The influence of South Asian ethnicity on the incremental shuttle walk test in UK adults.
journal contributionposted on 20.07.2018 by Mark W. Orme, Lauren Sherar, Mike Morgan, Michael Steiner, Dale Esliger, Andrew Kingsnorth, Sally Singh
Any type of content formally published in an academic journal, usually following a peer-review process.

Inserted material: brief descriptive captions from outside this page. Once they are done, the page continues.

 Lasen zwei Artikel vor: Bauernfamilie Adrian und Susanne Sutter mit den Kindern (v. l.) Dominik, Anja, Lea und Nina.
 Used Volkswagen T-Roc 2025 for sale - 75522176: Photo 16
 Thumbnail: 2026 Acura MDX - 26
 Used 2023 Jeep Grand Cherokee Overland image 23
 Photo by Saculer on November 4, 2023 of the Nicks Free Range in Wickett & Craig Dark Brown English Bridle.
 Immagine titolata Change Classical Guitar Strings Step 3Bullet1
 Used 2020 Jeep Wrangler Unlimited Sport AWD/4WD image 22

The objective of this study was to compare incremental shuttle walking test (ISWT) performance between South Asian and Caucasian British adults, identify predictors of ISWT distance and produce ethnicity-specific reference equations. Data from a mixed gender sample aged 40-75 years from Leicestershire, United Kingdom, were selected for analyses. Analysis of covariance determined differences in ISWT performance between South Asian and Caucasian British ethnic groups. Linear regressions identified predictors of ISWT distance, which determined the reference equations. In total, 144 participants took part in the study (79 South Asian (54 ± 8 years, 71% female) and 65 Caucasian British (58 ± 9 years, 74% female)). Distance walked for the ISWT was shorter for South Asian individuals compared with Caucasian British (451 ± 143 vs. 575 ± 180 m, p < 0.001). The ethnicity-specific reference equations for ISWT distance explained 33-50% of the variance (standard error of the estimate (SEE): 107-119 m) for South Asians and explained 14-58% of the variance (SEE: 121-169 m) for Caucasian British. Ethnicity univariately explained 12.9% of the variance in ISWT distance and was significantly associated with ISWT distance after controlling for age, gender, height, weight, dyspnoea and lung function ( B = -70.37; 1 = Caucasian British, 2 = South Asian), uniquely explaining 3.7% of the variance. Predicted values for ISWT performance were lower in South Asian people than in Caucasian British. Ethnicity-specific reference equations should account for this.
The study was funded by NHS England.